If you find that optimizing performance on a single machine brings excessive complexity, do not become obsessed with pushing the limits of a single machine’s performance. Instead, consider improving performance by horizontally scaling from a software architecture perspective.

To do a good job, one must first sharpen one’s tools. We know that when it comes to performance analysis and optimization, using suitable performance tools can greatly enhance the entire process. Do you remember any commonly used performance tools? Today, I’ll go through some commonly used performance tools with you, so that you can quickly find what you need when necessary.

Performance Tool Quick Reference #

Before we delve into performance tools, let me first ask you a question: under what circumstances do we need to search for and select performance tools? You can think about it first before continuing with the content below.
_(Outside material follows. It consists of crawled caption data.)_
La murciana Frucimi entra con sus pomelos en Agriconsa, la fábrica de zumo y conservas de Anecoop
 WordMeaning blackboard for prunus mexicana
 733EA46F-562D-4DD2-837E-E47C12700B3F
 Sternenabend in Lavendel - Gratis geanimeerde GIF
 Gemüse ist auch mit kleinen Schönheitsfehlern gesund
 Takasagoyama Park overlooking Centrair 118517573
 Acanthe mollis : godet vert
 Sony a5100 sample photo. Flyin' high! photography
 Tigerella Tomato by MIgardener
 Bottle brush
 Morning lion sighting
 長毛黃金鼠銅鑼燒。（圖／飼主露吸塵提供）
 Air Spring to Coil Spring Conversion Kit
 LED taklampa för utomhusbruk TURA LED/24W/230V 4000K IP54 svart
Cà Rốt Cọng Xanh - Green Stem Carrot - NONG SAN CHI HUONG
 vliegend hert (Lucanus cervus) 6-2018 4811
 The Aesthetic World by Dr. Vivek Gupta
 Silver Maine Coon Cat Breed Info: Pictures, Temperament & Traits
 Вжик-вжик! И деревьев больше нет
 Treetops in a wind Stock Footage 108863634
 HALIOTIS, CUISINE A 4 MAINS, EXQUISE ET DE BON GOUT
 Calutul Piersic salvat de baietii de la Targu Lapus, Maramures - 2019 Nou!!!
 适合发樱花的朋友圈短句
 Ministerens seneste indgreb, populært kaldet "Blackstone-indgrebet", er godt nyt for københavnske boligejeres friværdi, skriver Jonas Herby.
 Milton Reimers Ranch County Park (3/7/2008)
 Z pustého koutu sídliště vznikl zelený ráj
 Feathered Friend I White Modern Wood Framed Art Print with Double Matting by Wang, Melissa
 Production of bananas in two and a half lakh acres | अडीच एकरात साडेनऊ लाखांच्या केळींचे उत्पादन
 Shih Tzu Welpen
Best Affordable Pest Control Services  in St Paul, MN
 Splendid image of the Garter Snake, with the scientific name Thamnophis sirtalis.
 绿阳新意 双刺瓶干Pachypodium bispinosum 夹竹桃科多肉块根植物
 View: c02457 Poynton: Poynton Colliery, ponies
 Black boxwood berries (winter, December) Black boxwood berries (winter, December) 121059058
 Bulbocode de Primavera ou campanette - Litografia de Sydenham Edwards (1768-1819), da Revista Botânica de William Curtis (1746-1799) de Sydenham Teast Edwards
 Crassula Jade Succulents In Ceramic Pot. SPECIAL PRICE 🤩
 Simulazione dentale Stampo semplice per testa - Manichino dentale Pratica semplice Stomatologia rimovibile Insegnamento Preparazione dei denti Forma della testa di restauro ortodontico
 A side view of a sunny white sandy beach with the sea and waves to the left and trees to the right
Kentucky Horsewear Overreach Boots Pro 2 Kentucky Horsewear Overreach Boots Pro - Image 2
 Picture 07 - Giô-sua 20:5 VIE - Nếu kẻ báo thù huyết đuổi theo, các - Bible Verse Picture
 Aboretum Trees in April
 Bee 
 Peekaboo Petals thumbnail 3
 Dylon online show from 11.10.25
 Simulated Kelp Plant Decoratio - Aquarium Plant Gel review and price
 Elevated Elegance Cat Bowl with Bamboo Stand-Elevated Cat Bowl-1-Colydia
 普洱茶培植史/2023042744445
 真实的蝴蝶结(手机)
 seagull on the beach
In my opinion, we only think about “if there was a performance tool quick reference chart” when we want to understand a performance metric but do not know what to do. If we know that a performance tool is available, we will more likely refer to the tool’s manual to find out its functions, usage, and precautions.

Regarding the viewing of tool manuals, “man” is probably the most familiar method to us, as I have mentioned multiple times in this column. In fact, besides “man”, there is another command for querying manuals, which is “info”.

“info” can be understood as a more detailed version of “man” and provides more powerful features such as node jumping. Relatively speaking, the output of “man” is more concise, while the output of “info” is more detailed. Therefore, we usually use “man” to query the usage of a tool, and only refer to the info document when the output of “man” is not easy to understand.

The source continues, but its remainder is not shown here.